#### [WHAT IS BEING ASKED]
What you return must be the full listing, word for word, with no images in it.

#### [DATA SHOWN]
————
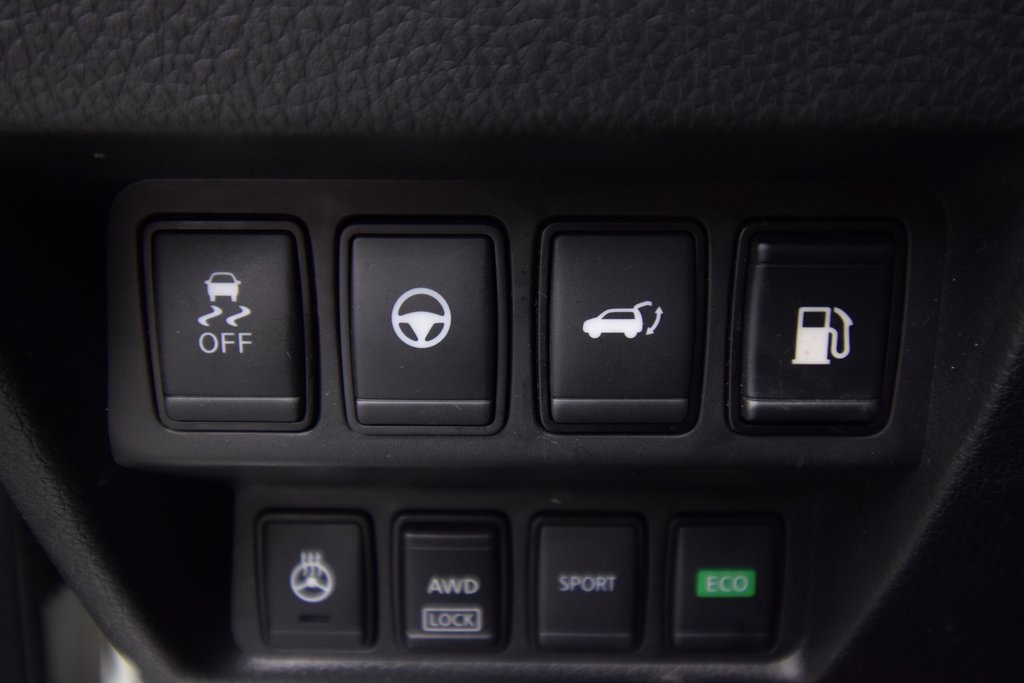 used 2020 Nissan Rogue car, priced at $17,694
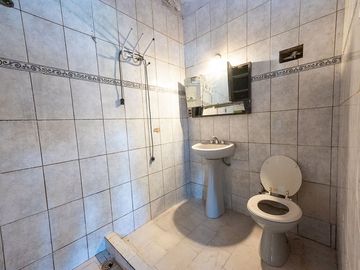 VENTA CASA A REFACCIONAR EN BARRIO SARMIENTO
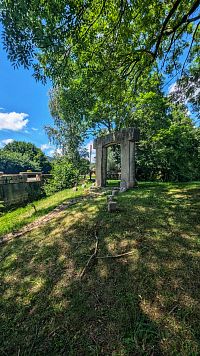 Brána času u silnice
————
#### [EXPECTED OUTPUT]
 used 2020 Nissan Rogue car, priced at $17,694
 VENTA CASA A REFACCIONAR EN BARRIO SARMIENTO
 Brána času u silnice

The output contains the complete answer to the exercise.